Solution

Given bounding box dimensions bx by by and t being the anticlockwise rotation of rectangle sized x by y:

x = (1/(cos(t)^2-sin(t)^2)) * (  bx * cos(t) - by * sin(t))
y = (1/(cos(t)^2-sin(t)^2)) * (- bx * sin(t) + by * cos(t))

Derivation

Why is this?

First, consider that the length bx is cut in two pieces, a and b, by the corner of the rectangle. Use trigonometry to express bx in terms of x, y, and theta:

bx = b          + a
bx = x * cos(t) + y * sin(t)            [1]

and similarly for by:

by = c          + d
by = x * sin(t) + y * cos(t)            [2]

1 and 2 can be expressed in matrix form as:

[ bx ] = [ cos(t)  sin(t) ] * [ x ]     [3]
[ by ]   [ sin(t)  cos(t) ]   [ y ]

Note that the matrix is nearly a rotation matrix (but not quite – it’s off by a minus sign.)
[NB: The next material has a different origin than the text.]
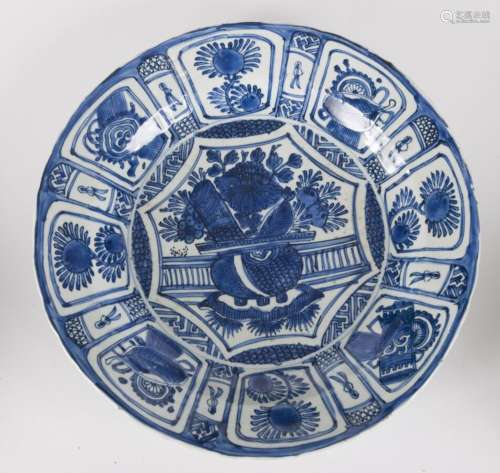 Grand plat en porcelaine bleu blanc<br />
Chine, Kraak, époq...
Left-divide the matrix on both sides, giving:

[ x ] = inverse ( [ cos(t)  sin(t) ]    * [ bx ]                        [4]
[ y ]             [ sin(t)  cos(t) ] )    [ by ]
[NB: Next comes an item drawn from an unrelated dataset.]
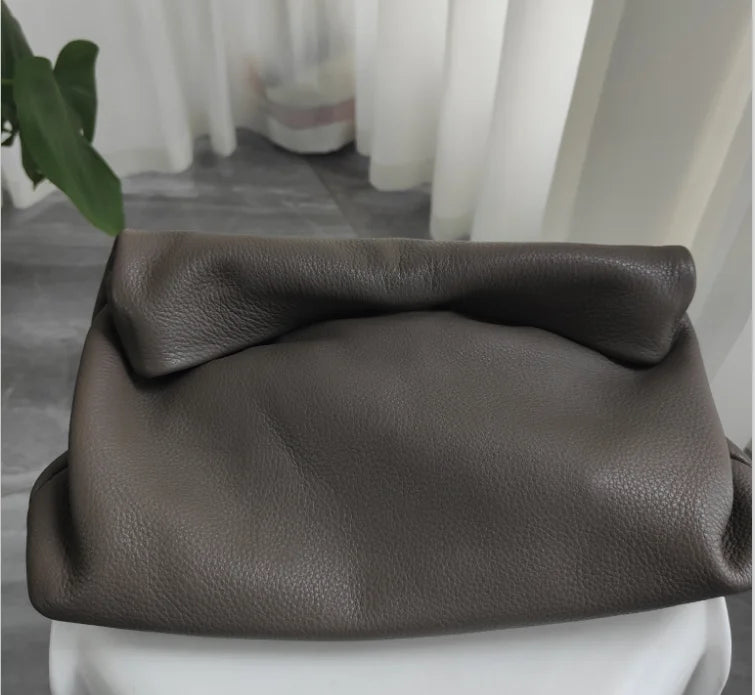 Clutch Feminina em Couro Legítimo – Design Elegante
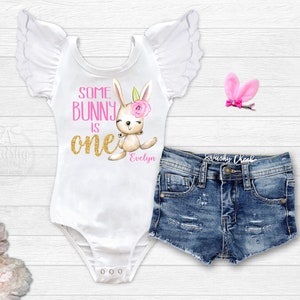 Bunny Birthday Outfit Girls Birthday Outfit Some Bunny is One Outfit Personnalisé Pâques Anniversaire Chemise de Pâques Monogrammé Easter Outfit image 1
The matrix inverse is easy to evaluate for a 2×2 matrix and expands to:

[ x ] = (1/(cos(t)^2-sin(t)^2)) * [ cos(t) -sin(t) ] * [ bx ]           [5]
[ y ]                             [-sin(t)  cos(t) ]   [ by ]

[5] gives the two formulas:

x = (1/(cos(t)^2-sin(t)^2)) * (  bx * cos(t) - by * sin(t))             [6]
y = (1/(cos(t)^2-sin(t)^2)) * (- bx * sin(t) + by * cos(t))

Easy as pie!